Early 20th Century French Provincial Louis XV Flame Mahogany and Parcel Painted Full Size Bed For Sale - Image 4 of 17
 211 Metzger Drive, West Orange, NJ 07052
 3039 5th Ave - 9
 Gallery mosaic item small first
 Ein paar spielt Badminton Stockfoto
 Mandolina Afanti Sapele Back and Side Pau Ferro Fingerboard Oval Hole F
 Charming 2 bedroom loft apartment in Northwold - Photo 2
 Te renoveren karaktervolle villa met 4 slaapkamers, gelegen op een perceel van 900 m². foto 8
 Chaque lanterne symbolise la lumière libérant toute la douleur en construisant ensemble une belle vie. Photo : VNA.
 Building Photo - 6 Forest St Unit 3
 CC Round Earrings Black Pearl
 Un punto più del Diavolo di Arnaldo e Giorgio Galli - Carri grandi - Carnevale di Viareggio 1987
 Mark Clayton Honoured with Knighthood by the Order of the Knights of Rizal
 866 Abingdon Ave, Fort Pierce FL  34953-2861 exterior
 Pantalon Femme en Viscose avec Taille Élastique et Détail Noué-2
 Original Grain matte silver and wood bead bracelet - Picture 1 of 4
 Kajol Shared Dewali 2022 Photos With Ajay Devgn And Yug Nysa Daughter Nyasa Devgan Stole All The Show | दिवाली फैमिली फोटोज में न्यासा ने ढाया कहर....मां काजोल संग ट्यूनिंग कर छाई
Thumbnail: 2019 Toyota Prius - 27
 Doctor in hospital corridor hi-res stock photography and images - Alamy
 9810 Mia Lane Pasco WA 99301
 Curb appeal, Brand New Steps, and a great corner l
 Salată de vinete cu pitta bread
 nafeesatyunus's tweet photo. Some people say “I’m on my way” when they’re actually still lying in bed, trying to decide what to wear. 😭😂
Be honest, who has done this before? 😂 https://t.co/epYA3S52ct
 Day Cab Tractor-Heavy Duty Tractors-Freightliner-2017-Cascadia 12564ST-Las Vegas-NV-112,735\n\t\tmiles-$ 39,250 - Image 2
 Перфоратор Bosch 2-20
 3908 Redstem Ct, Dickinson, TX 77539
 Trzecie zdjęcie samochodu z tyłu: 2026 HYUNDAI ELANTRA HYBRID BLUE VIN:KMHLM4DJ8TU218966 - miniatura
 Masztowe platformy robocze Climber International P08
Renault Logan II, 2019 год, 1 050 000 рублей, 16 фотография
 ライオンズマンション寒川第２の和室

====

> **WORK INSTRUCTION**: Take the entries above and return only the lines from the one with "Gallery mosaic item small first" to the one with "Chaque lanterne symbolise", both included, unchanged.

> **THE ANSWER**:
 Gallery mosaic item small first
 Ein paar spielt Badminton Stockfoto
 Mandolina Afanti Sapele Back and Side Pau Ferro Fingerboard Oval Hole F
 Charming 2 bedroom loft apartment in Northwold - Photo 2
 Te renoveren karaktervolle villa met 4 slaapkamers, gelegen op een perceel van 900 m². foto 8
 Chaque lanterne symbolise la lumière libérant toute la douleur en construisant ensemble une belle vie. Photo : VNA.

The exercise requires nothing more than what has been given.